What you will do: Word for word, write the lines below out again, with no pictures.

Collected material:
------------------------------------------------------------
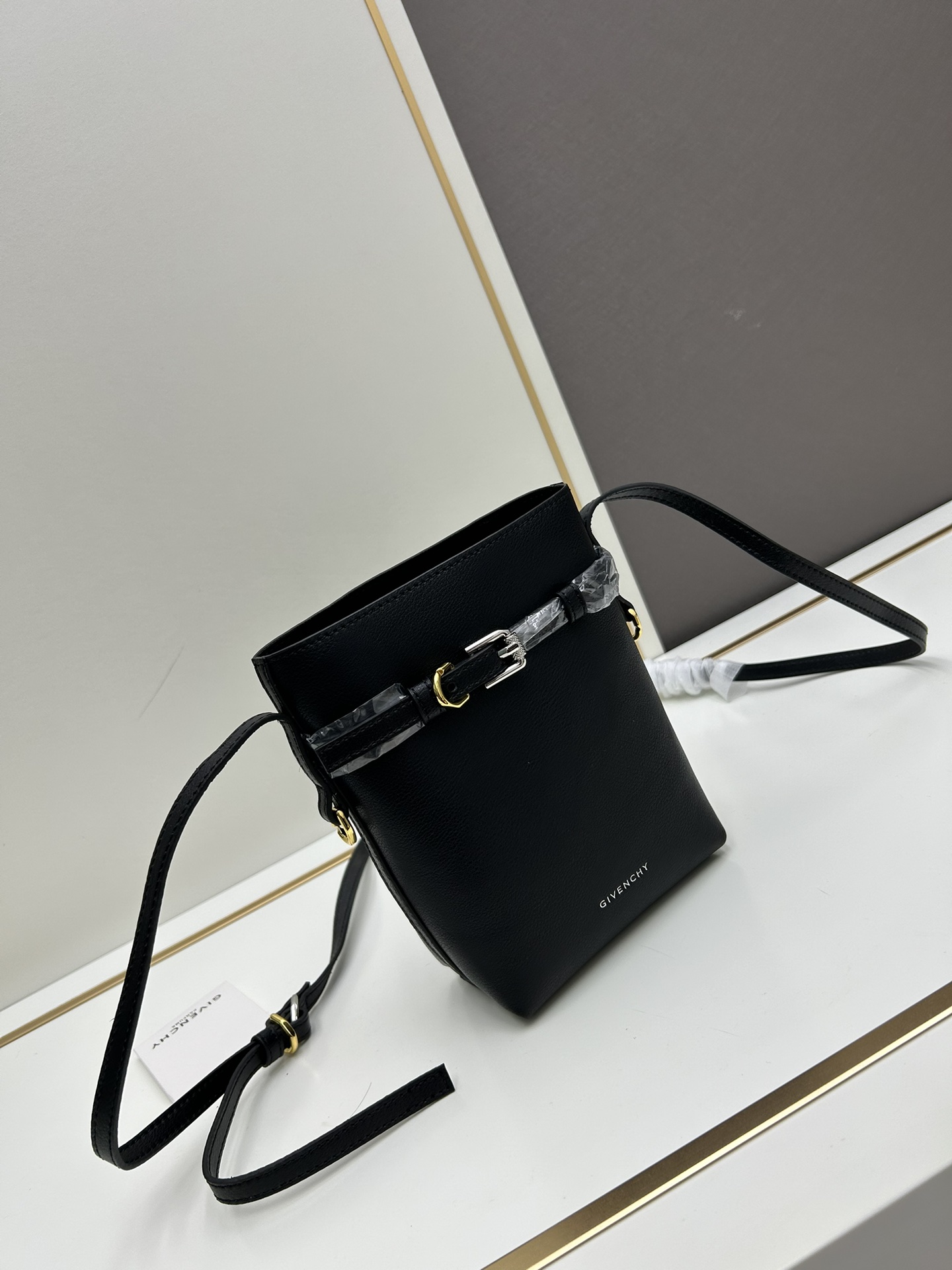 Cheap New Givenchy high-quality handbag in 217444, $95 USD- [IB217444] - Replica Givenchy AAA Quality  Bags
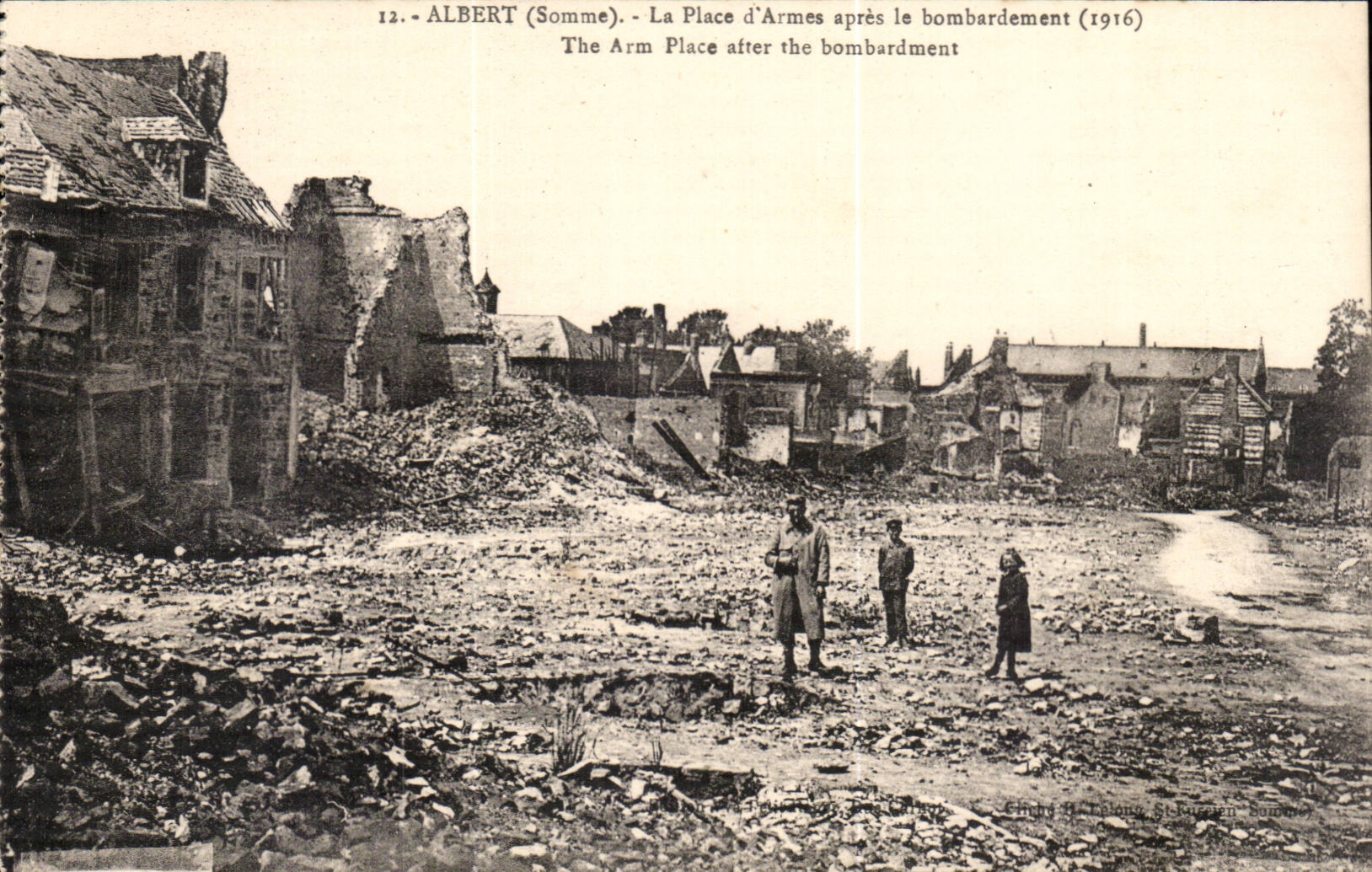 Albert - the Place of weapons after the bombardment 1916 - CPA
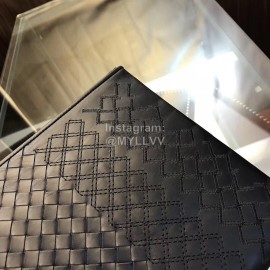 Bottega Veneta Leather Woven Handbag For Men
------------------------------------------------------------
Task result:
 Cheap New Givenchy high-quality handbag in 217444, $95 USD- [IB217444] - Replica Givenchy AAA Quality  Bags
 Albert - the Place of weapons after the bombardment 1916 - CPA
 Bottega Veneta Leather Woven Handbag For Men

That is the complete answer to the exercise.